- _Task goal_
Give back the lines below verbatim, omitting all pictures.

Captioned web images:
──────────
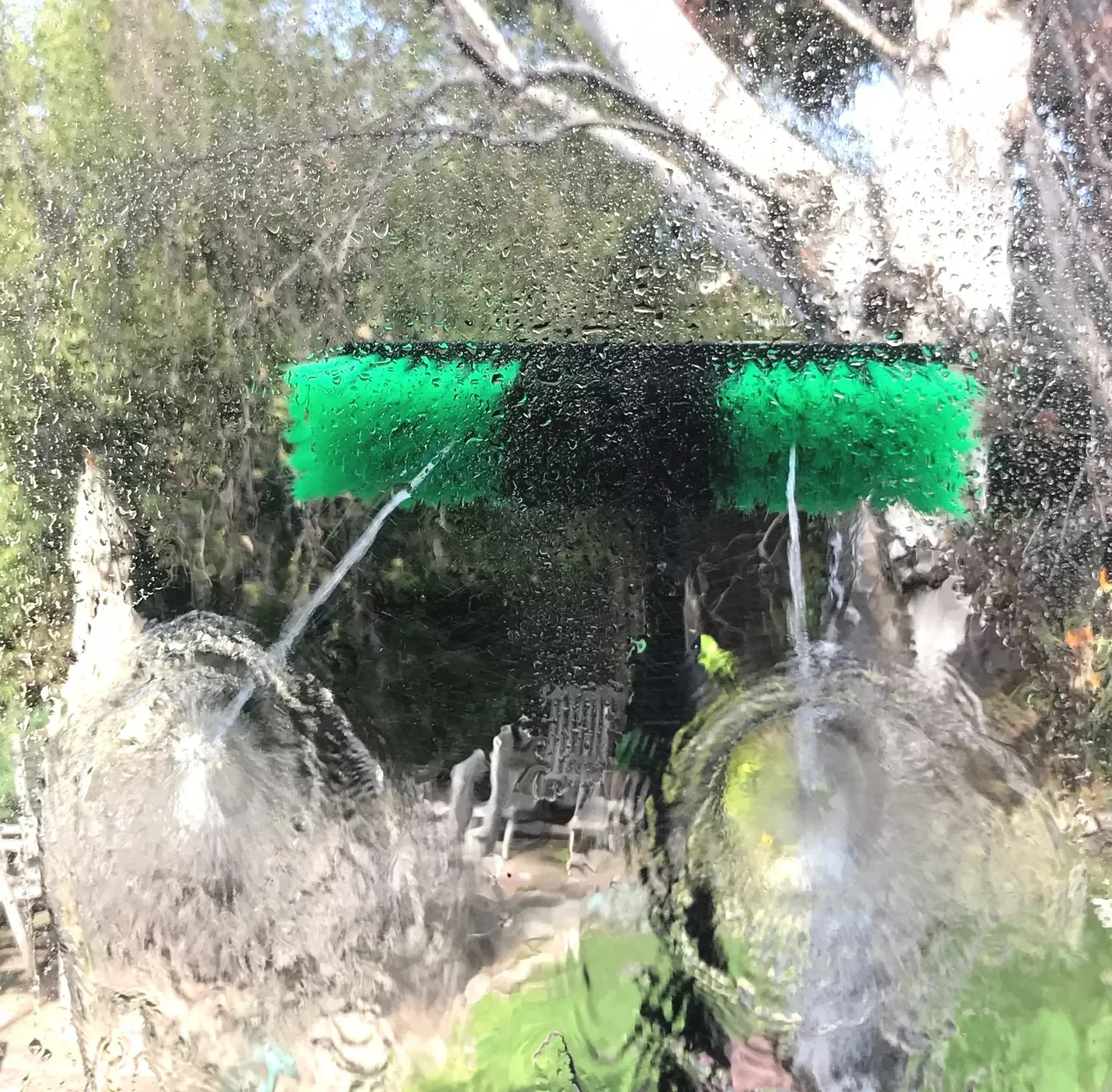 Телескопическая штанга с подачей воды 6/8/10 м для чистки окон щеткой щетка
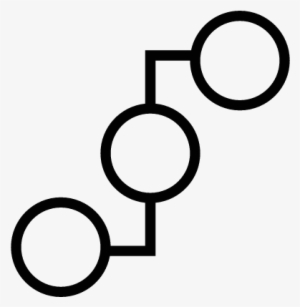 Connected Circles Vector - Connected Circles #1509588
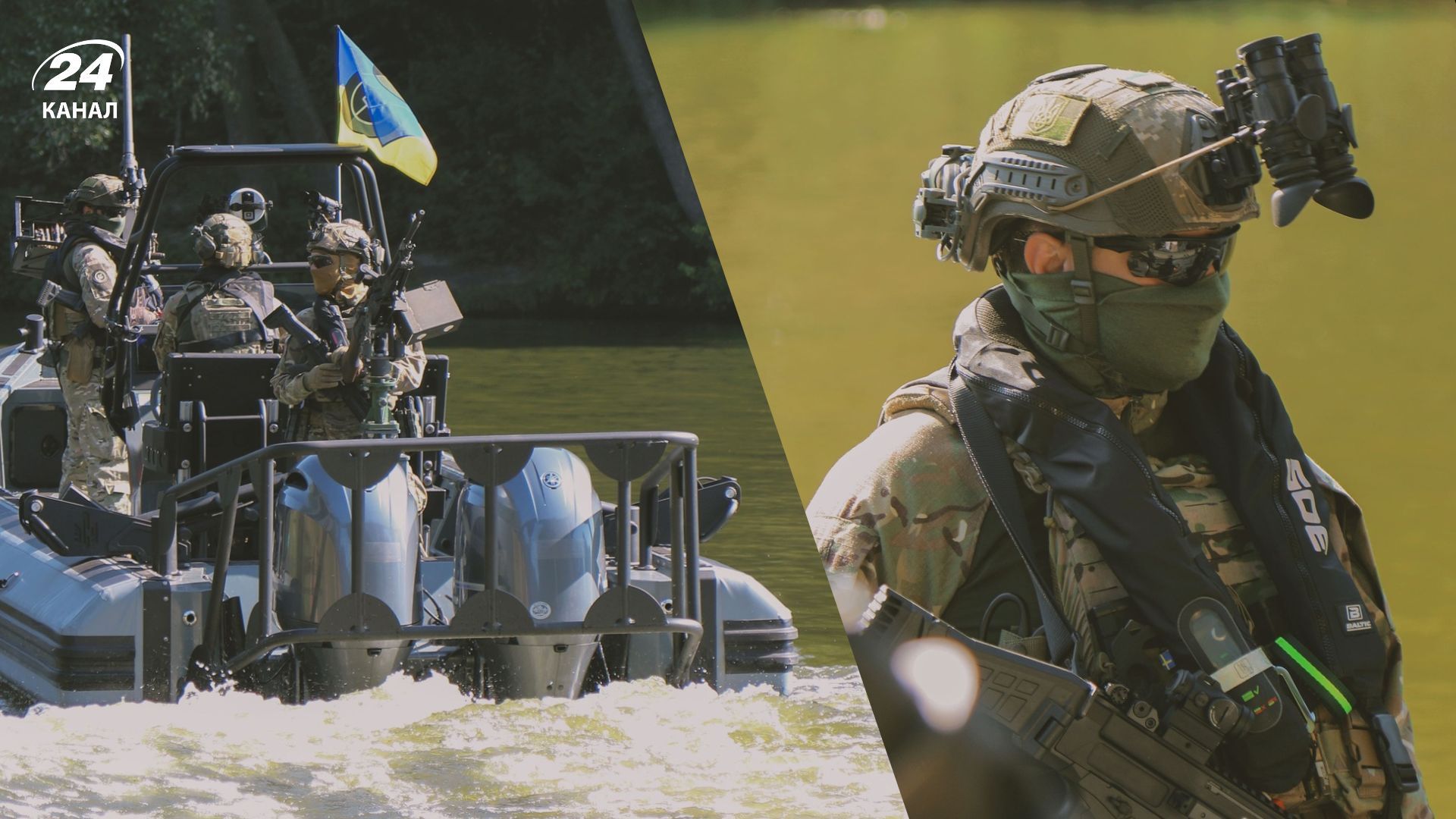 ГУР провело упішну операцію на Тендрівській косі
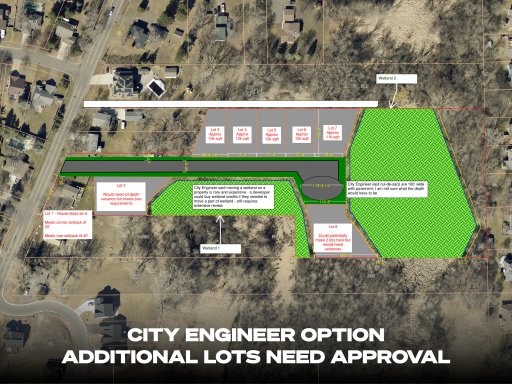 City Engineer said a sewer lift station would certainly be needed (-$650k) as these properties sit significantly below Labore Ro.pdf.png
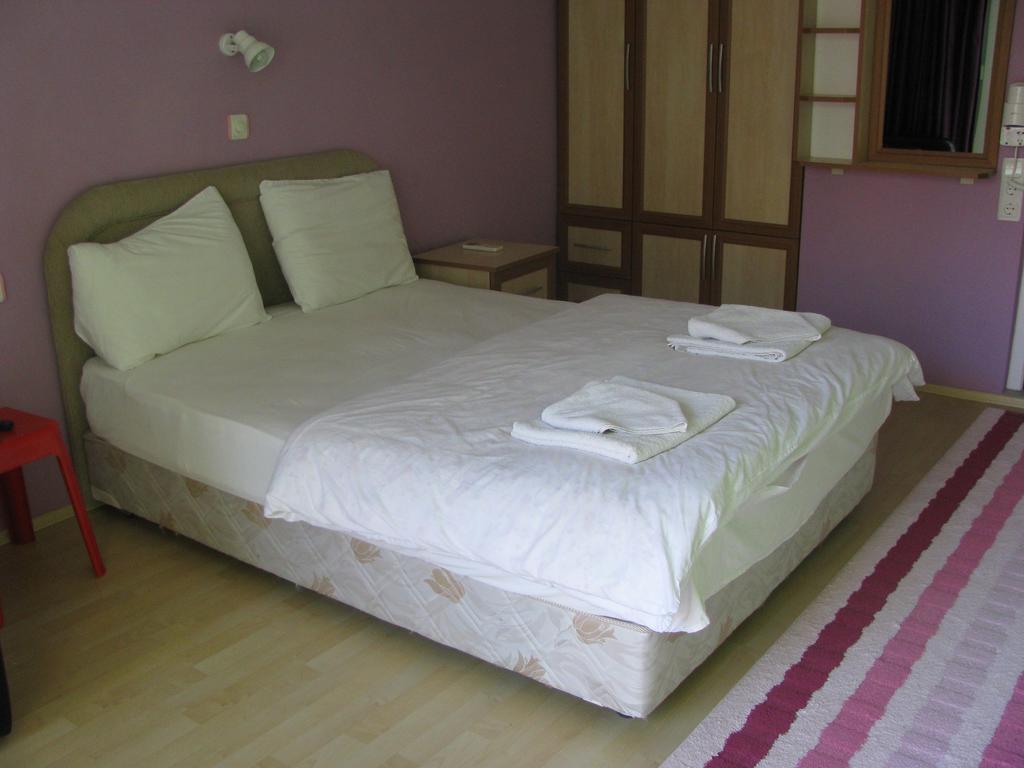 Atici 2 Hotel Adrasan Værelse billede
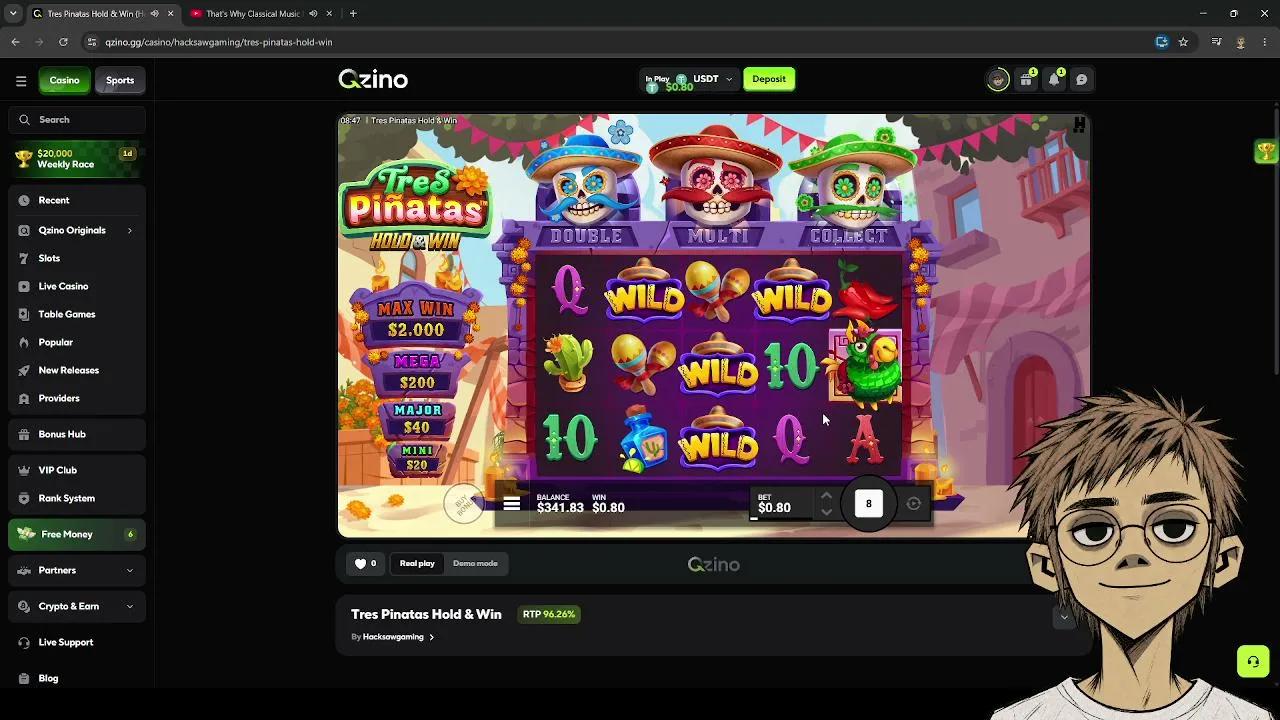 Stream Thumbnail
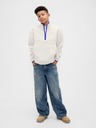 GAP Dětská sherpa mikina Arctic Fleece GAP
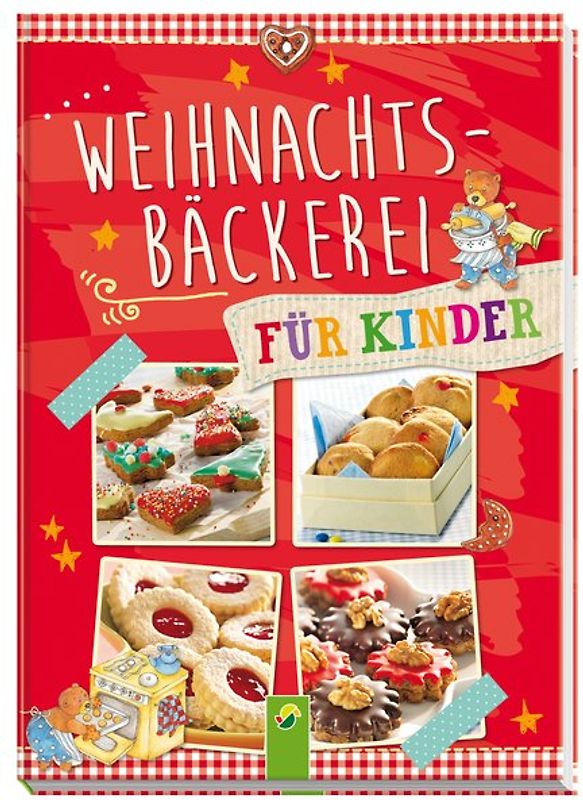 Weihnachtsbäckerei für Kinder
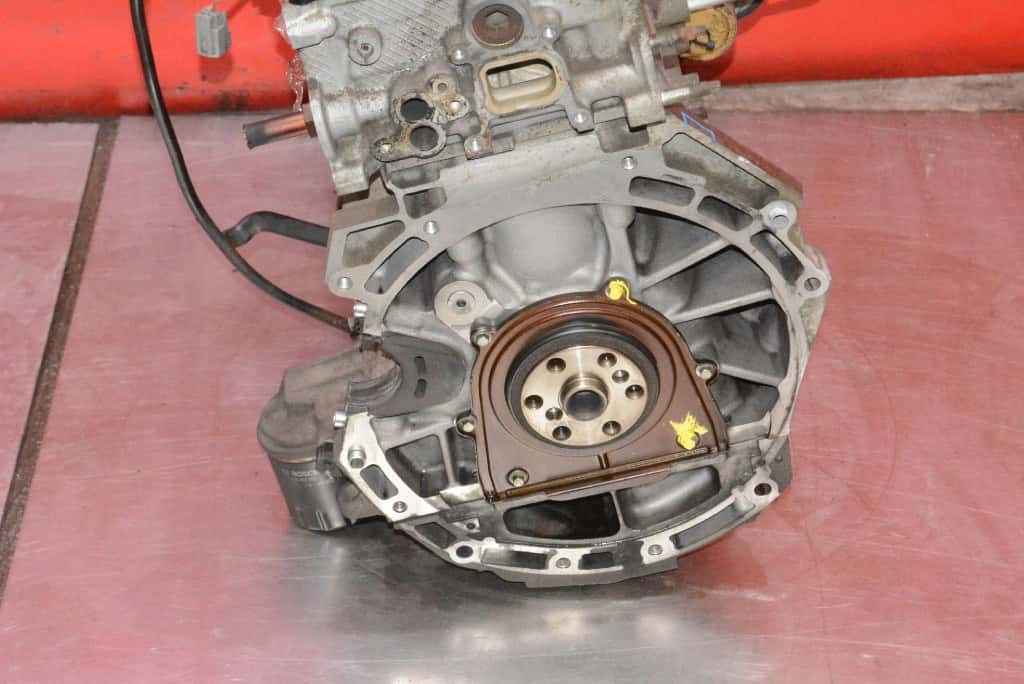 Moteur AOBA vue 15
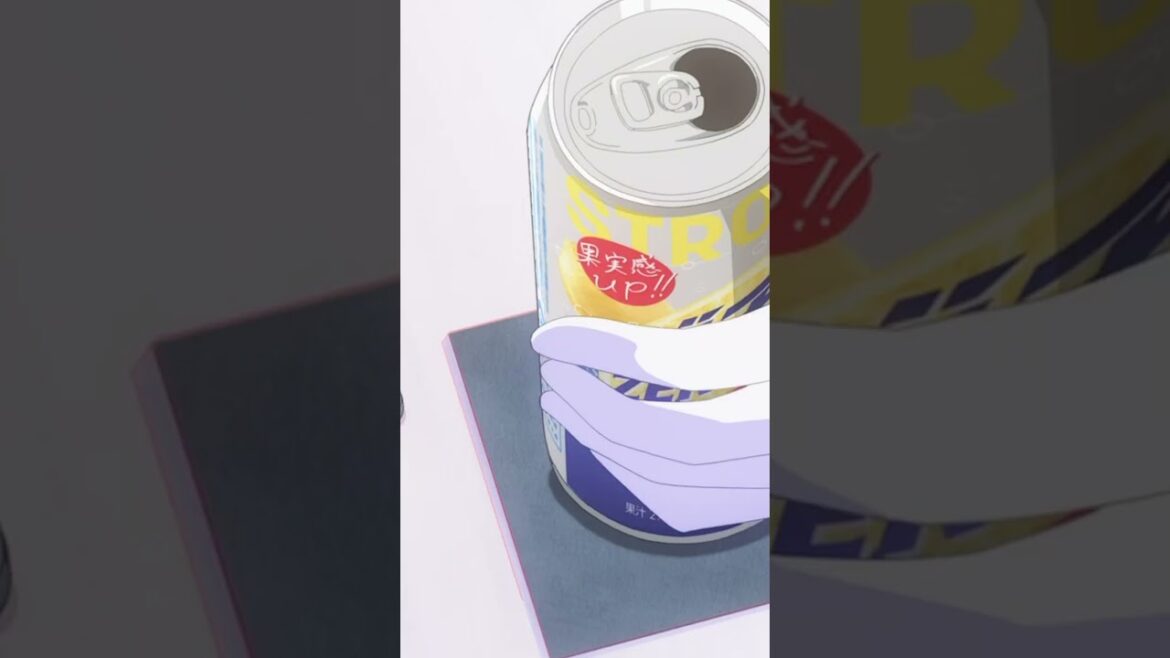 やっぱロング缶の鳴る音は最高だぜ! / from #ぶいでん 第一話 #shorts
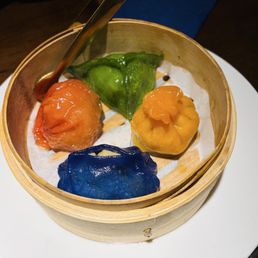The Artisan Dim Sum Platter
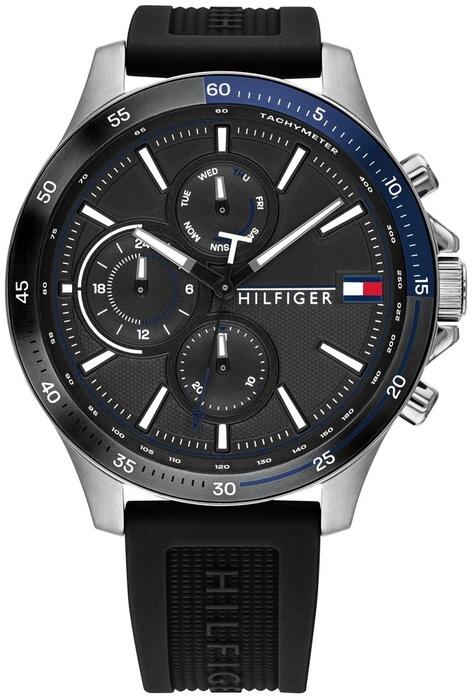 Tommy Hilfiger Vīriešu pulkstenis (1791724)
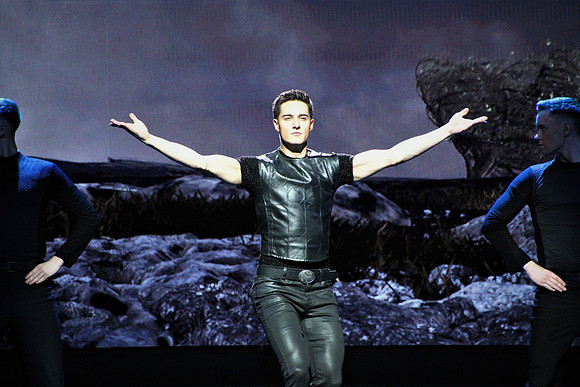 Riverdance aus der Salzburgarena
──────────
- _Response to this exercise_
 Телескопическая штанга с подачей воды 6/8/10 м для чистки окон щеткой щетка
 Connected Circles Vector - Connected Circles #1509588
 ГУР провело упішну операцію на Тендрівській косі
 City Engineer said a sewer lift station would certainly be needed (-$650k) as these properties sit significantly below Labore Ro.pdf.png
 Atici 2 Hotel Adrasan Værelse billede
 Stream Thumbnail
 GAP Dětská sherpa mikina Arctic Fleece GAP
 Weihnachtsbäckerei für Kinder
 Moteur AOBA vue 15
 やっぱロング缶の鳴る音は最高だぜ! / from #ぶいでん 第一話 #shorts
The Artisan Dim Sum Platter
 Tommy Hilfiger Vīriešu pulkstenis (1791724)
 Riverdance aus der Salzburgarena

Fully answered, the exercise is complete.